Dal punto di vista giuridico, le dichiarazioni dell’assessore Puccetti aprono diversi fronti di potenziale responsabilità. In primo luogo, la minaccia di subordinare l’esercizio delle funzioni pubbliche al controllo dell’orientamento politico dei cittadini potrebbe configurare il reato di abuso d’ufficio, previsto dall’articolo 323 del Codice Penale. La norma punisce il pubblico ufficiale che, «nello svolgimento delle funzioni o del servizio, in violazione di norme di legge o di regolamento, ovvero omettendo di astenersi in presenza di un interesse proprio o di un prossimo congiunto», procura «un ingiusto vantaggio patrimoniale o un danno ingiusto».

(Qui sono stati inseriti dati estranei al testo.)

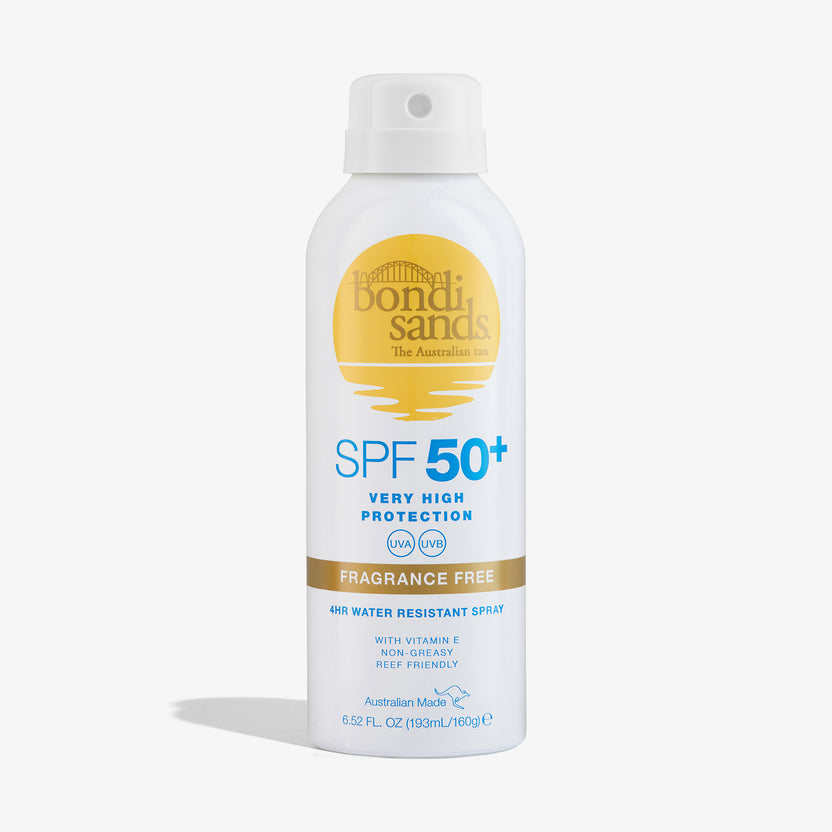 Bondi Sands SPF 50+ Fragrance Free Aerosol Mist Spray (160g) Kostenloser Versand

Nel caso specifico, utilizzare la propria posizione istituzionale per discriminare i cittadini in base alle loro scelte elettorali rappresenterebbe una palese violazione dei doveri d’ufficio e dei principi di imparzialità che regolano l’azione amministrativa, sanciti dall’articolo 97 della Costituzione.

Sul fronte della privacy, la richiesta di esibizione della tessera elettorale per verificare l’avvenuta partecipazione al voto viola diverse normative. Il Regolamento Europeo sulla Protezione dei Dati (GDPR) vieta il trattamento di dati personali relativi alle opinioni politiche, categoria nella quale rientra anche l’informazione sull’astensione dal voto. Inoltre, l’articolo 48 della Costituzione garantisce la libertà e la segretezza del voto, principi che verrebbero compromessi da qualsiasi forma di controllo successivo sulla partecipazione elettorale.

La tessera elettorale, infatti, non può essere utilizzata come strumento di discriminazione o controllo politico. La sua consultazione da parte di un pubblico amministratore per fini diversi da quelli istituzionalmente previsti configurerebbe una grave violazione della normativa sulla protezione dei dati personali, punibile con sanzioni amministrative fino a 20 milioni di euro o al 4% del fatturato annuo dell’ente.

L’Opposizione nel frattempo ha chiesto le dimissioni dell’assessore perché, sostengono, verrebbe a mancare dopo queste esternazioni la serenita e l’equidistanza di giudizio nei confronti di tutti i cittadini

Un precedente preoccupante per le istituzioni

Le istituzioni democratiche dovrebbero rappresentare un baluardo di imparzialità e servizio verso tutti i cittadini, mentre l’atteggiamento iniziale dell’assessore tradisce un approccio fazioso incompatibile con la funzione pubblica.

Il caso solleva inoltre interrogativi più ampi sulla formazione e sulla sensibilità istituzionale degli amministratori locali. Anche se motivato dalla delusione per il fallimento referendario, minacciare di discriminare i cittadini rappresenta una deriva pericolosa che rischia di minare la fiducia nelle istituzioni democratiche locali.

La vicenda si inserisce in un contesto di crescente polarizzazione politica, ma proprio per questo assume maggiore gravità: le istituzioni pubbliche dovrebbero rappresentare un punto di riferimento neutrale per tutti i cittadini, non un’arena di scontro politico.

Non è escluso che la vicenda possa avere ripercussioni anche sul piano disciplinare interno all’amministrazione comunale, considerando che il comportamento tenuto dall’assessore appare in contrasto con i codici di condotta che regolano l’attività dei pubblici amministratori. La gravità delle affermazioni, infatti, non viene completamente sanata dalle scuse successive, che non cancellano la dimostrazione di una preoccupante incomprensione dei doveri istituzionali.